Some weeks ago, I posted in Mastodon (you can follow me there) a thread about “How big problem it is that cross-validation is biased?”. I have also added that text to CV-FAQ. Today I extended that thread as we have a new paper out on estimating and correcting selection induced bias in cross-validation model selection.
I’m posting here the whole thread for the convenience of those who are not (yet?) following me in Mastodon:
Unbiasedness has a special role in statistics, and too often there are dichotomous comments that something is not valid or is inferior because it’s not unbiased. However, often the non-zero bias is negligible, and often by modifying the estimator we may even increase bias but reduce the variance a lot, providing an overall improved performance.
In CV the goal is to estimate the predictive performance for unobserved data given the observed data of size n. CV has pessimistic bias due to using less than n observation to fit the models. In case of LOO-CV this bias is usually small and negligible. In case of K -fold-CV with a small K, the bias can be non-negligible, but if the effective number of parameters of the model is much less than n, then with K>10 the bias is also usually negligible compared to the variance.
There is a bias correction approach by Burman (1989) (see also Fushiki (2011)) that reduces CV bias, but even in the cases with non-negligible bias reduction, the variance tends to increase so much that there is no real benefit (see, e.g.
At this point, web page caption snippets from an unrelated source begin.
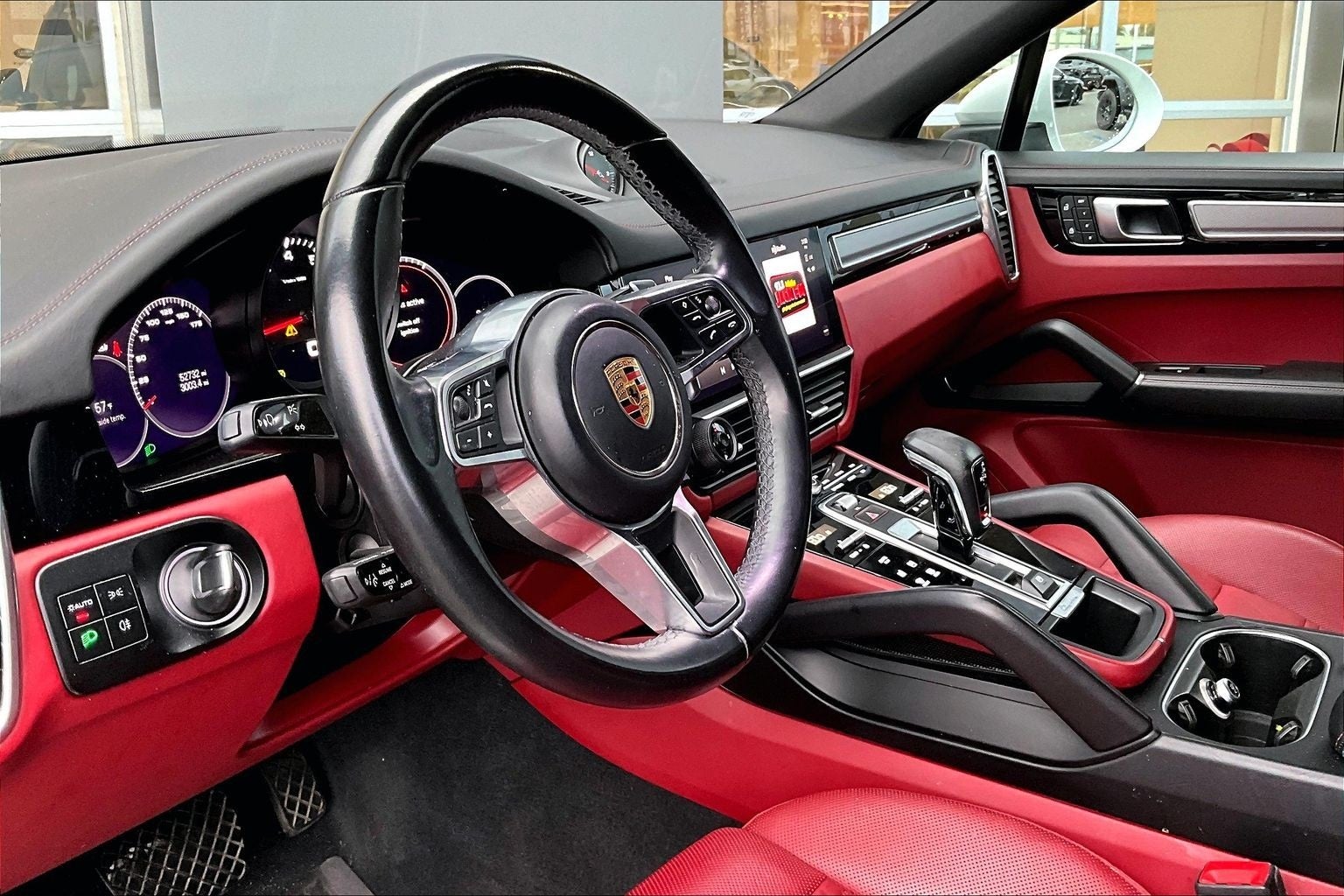 2023 Porsche Cayenne Coupe Platinum Edition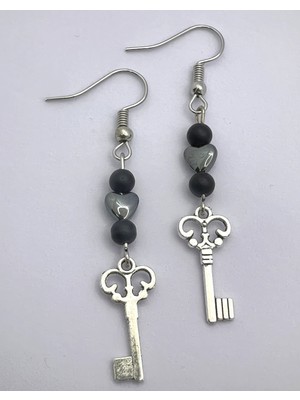 Anahtarlı Doğal Taşlı Küpe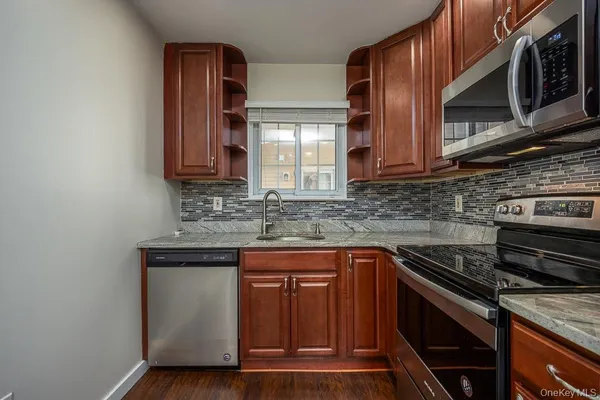 $2,350 | 529 Fox Run Lane, Carmel, NY 10512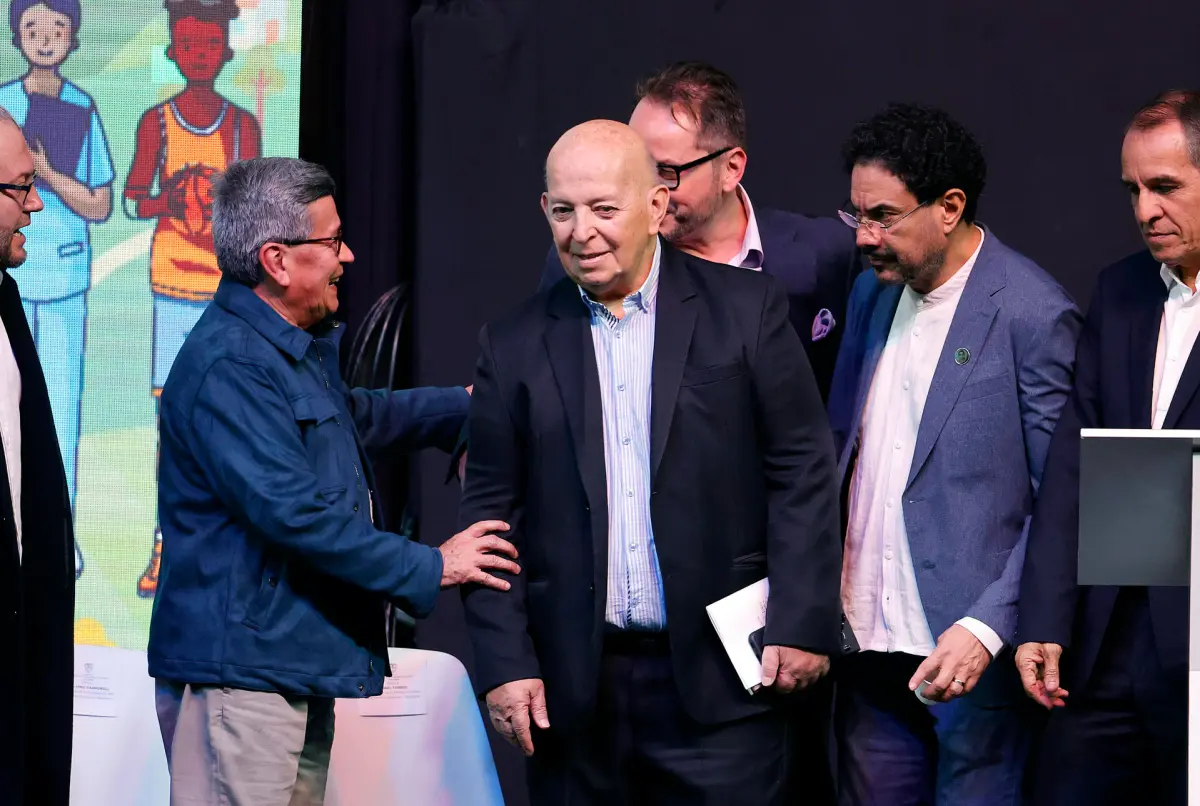 Delegación de Gobierno colombiano viaja a Caracas para cuarto ciclo de diálogos con el ELN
Vehtari and Lampinen (2002)).
For time series when the task is to predict future (there are other possibilities like missing data imputation) there are specific CV methods such as leave-future-out (LFO) that have lower bias than LOO-CV or K -fold-CV (Bürkner, Gabry and Vehtari, 2020). There are sometimes comments that LOO-CV and K -fold-CV would be invalid for time series. Although they tend to have a bigger bias than LFO, they are still valid and can be useful, especially in model comparison where bias can cancel out.
Cooper et al. (2023) demonstrate how in time series model comparison variance is likely to dominate, it is more important to reduce the variance than bias, and leave-few-observations and use of joint log score is better than use of LFO. The problem with LFO is that the data sets used for fitting models are smaller, increasing the variance.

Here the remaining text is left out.